That bitch has no idea how good she’s got it. I could be out getting smashed every night. I could be a complete slut and sleep with every guy I meet. Why not throw in a few girls too? I’m sure that’d shock her. I could be a complete bitch to her every second of every day. I could actually swear. I could make demands of her. I could hit her. I could stop doing the things I actually do for her. Even though I don’t have a job now, I could just not be at uni working towards a future one. I could spend all my money on booze and cigarettes. I could be a druggie. I could be pregnant. I could have several children to several baby-daddies. In short, I could be 50% of the girls from my high school.

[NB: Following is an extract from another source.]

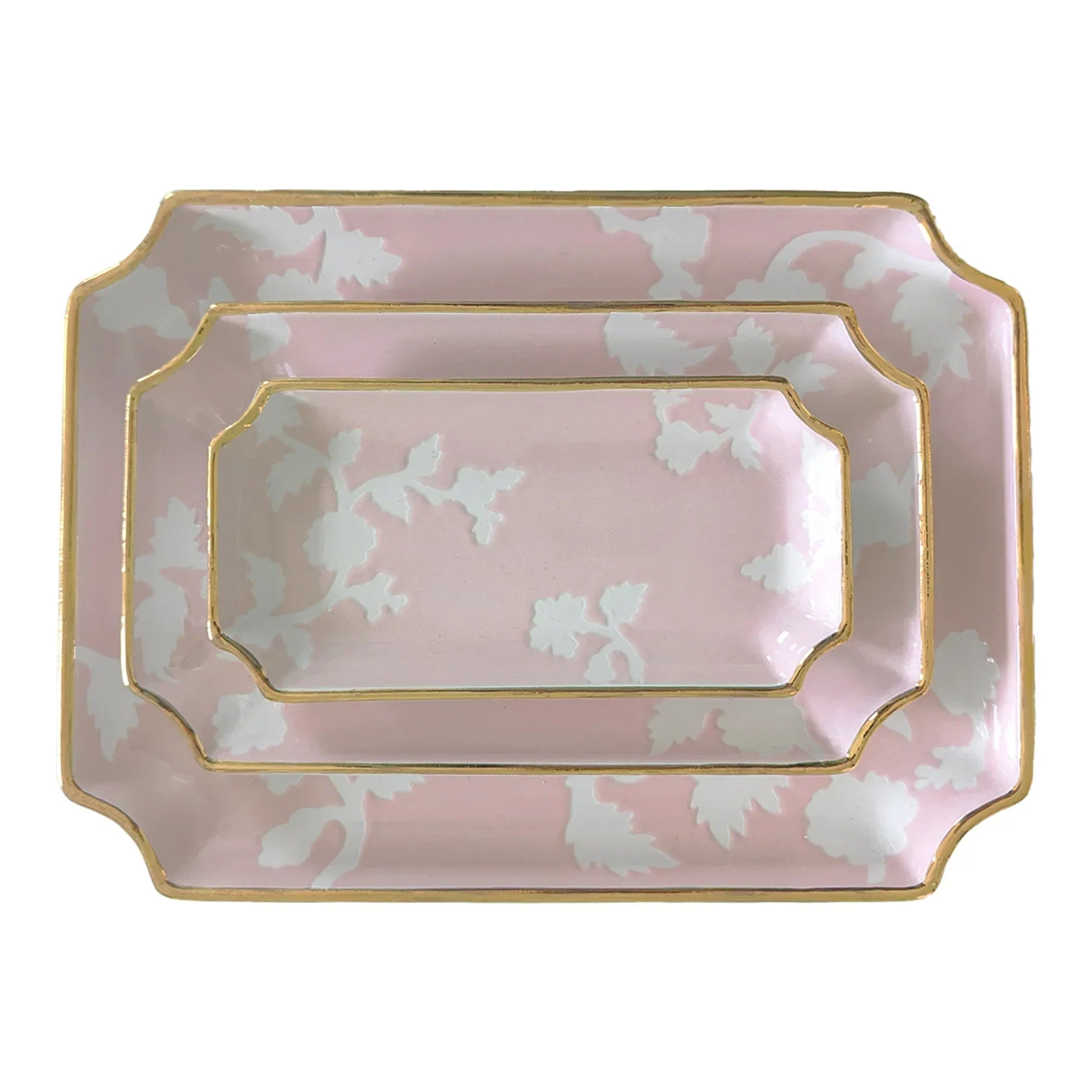 Chinoiserie Dreams Trays with Gold Accent - The Mayfair Hall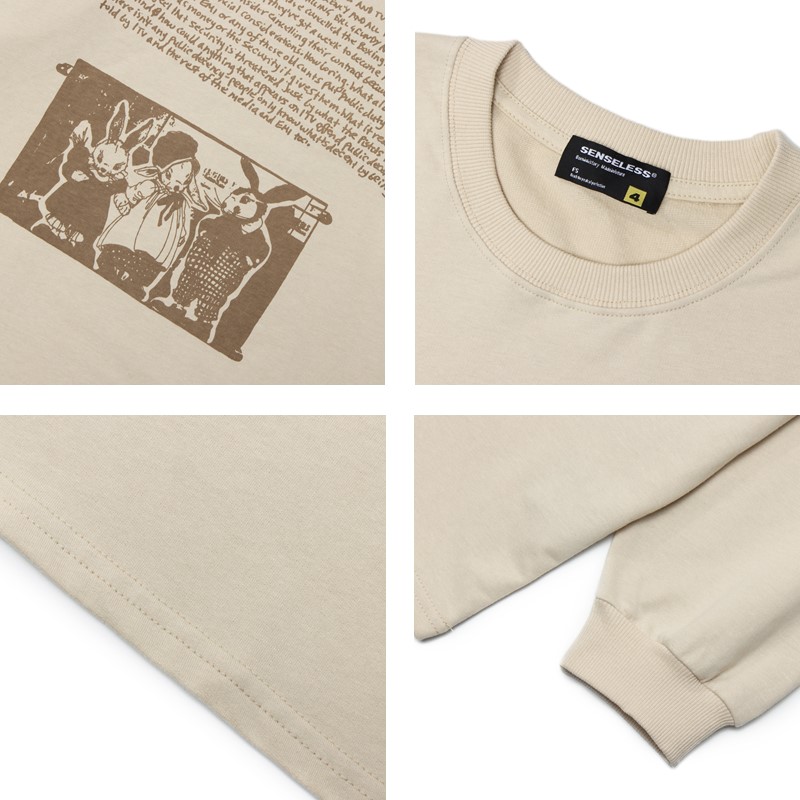 [LOOKING FOR HUMANS] WONDERFUL ADVENTURES AUTUMN NEW AMERICAN TREND FASHION LONG SLEEVE LOOSE MEN AND WOMEN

But I’m not. I take her up on her offers to take me places. I let the paranoid bitch take me home when I’d rather be out. I accepted it when she declined my offer to pay rent. I don’t have a job. I can’t have arguments without yelling. I get mad at people when they get mad at me. I cry when I’m mad. I call her on it when she digs for things to tell me off about. I can’t cook. I’m too lazy to clean. I don’t do things fast enough for her liking. I put myself before everyone else, because I’m into self-preservation. I don’t apologise.
But I’m polite. I don’t swear. I’m a virgin. I make her cups of tea because she’s too goddamn lazy to make them herself. I don’t ask her for anything except permission. I’m working towards a future.
But apparently I’m the only person in this house who doesn’t know how good they’ve got it. Apparently I should appreciate my mother more, instead of the other way around. Well I’m sorry mum. I’m sorry mostly good isn’t good enough for you. I’m sorry you’ve been a complete bitch ever since dad left. I’m sorry I’m not perfect. I’m sorry you’re such a hypocrite. I’m sorry you feel the need to criticise everything I do. I’m sorry you’re so stupid that you find self-preservation selfish. But most of all, I’m sorry I’m your daughter.